■ Task directions ■
Starting with the line that contains "Close-up of Italian", copy each line exactly through the end of the listing, and omit all pictures.

■ Supplied data ■
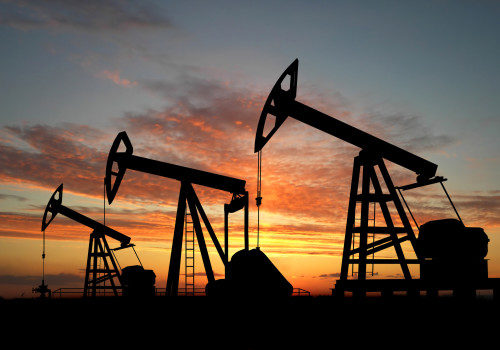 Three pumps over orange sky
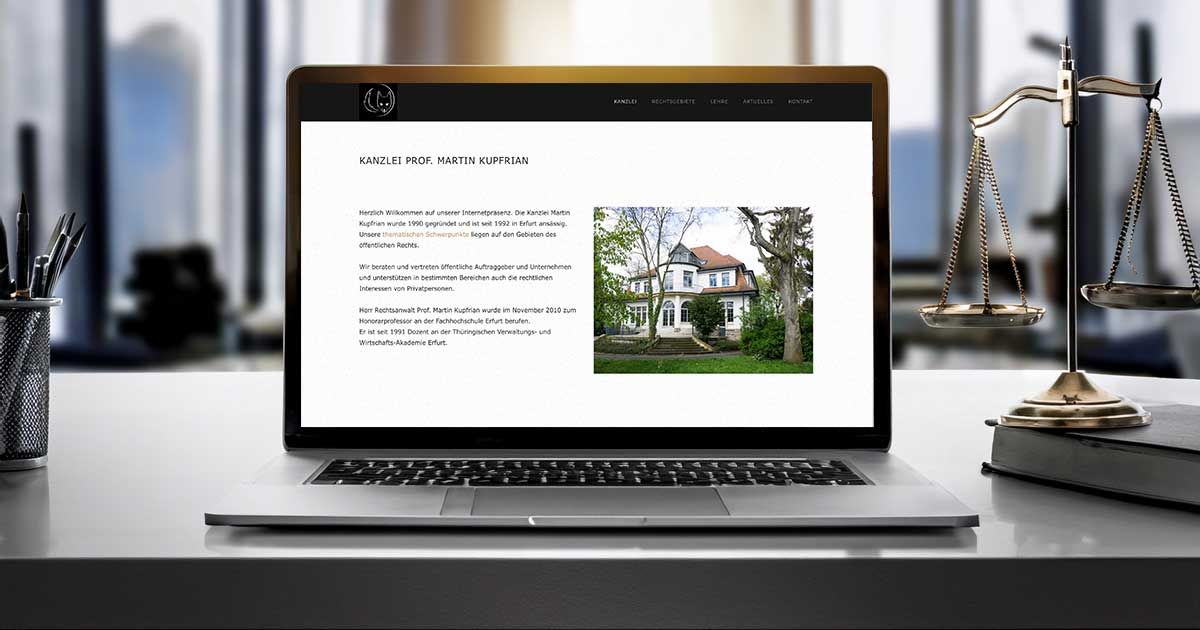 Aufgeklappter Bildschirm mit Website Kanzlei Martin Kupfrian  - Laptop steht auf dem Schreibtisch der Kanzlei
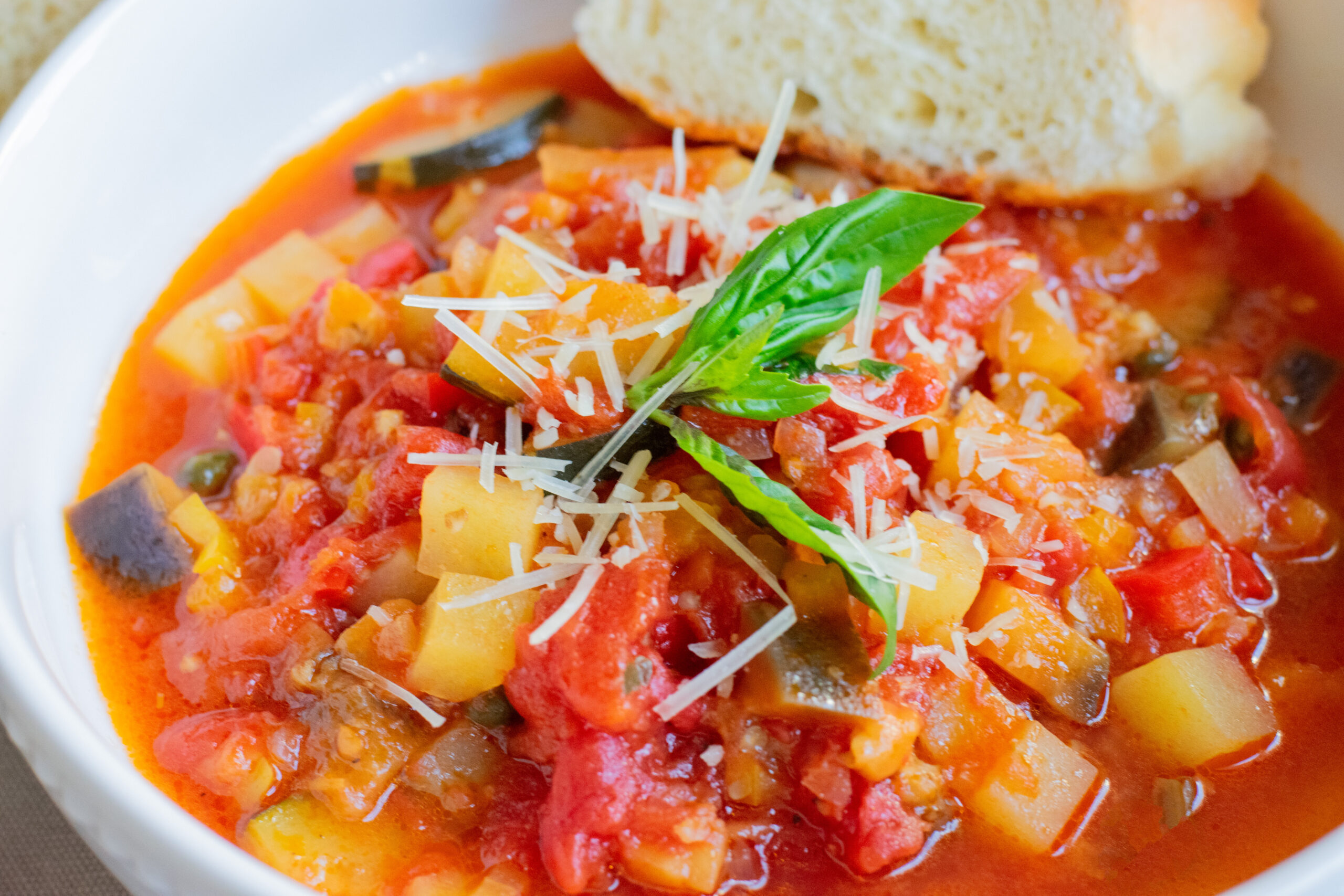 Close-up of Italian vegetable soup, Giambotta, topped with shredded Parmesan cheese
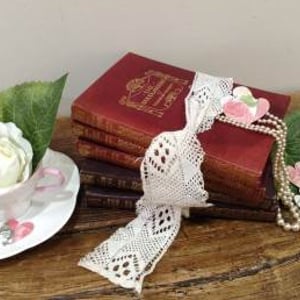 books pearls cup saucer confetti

■ Written answer ■
 Close-up of Italian vegetable soup, Giambotta, topped with shredded Parmesan cheese
 books pearls cup saucer confetti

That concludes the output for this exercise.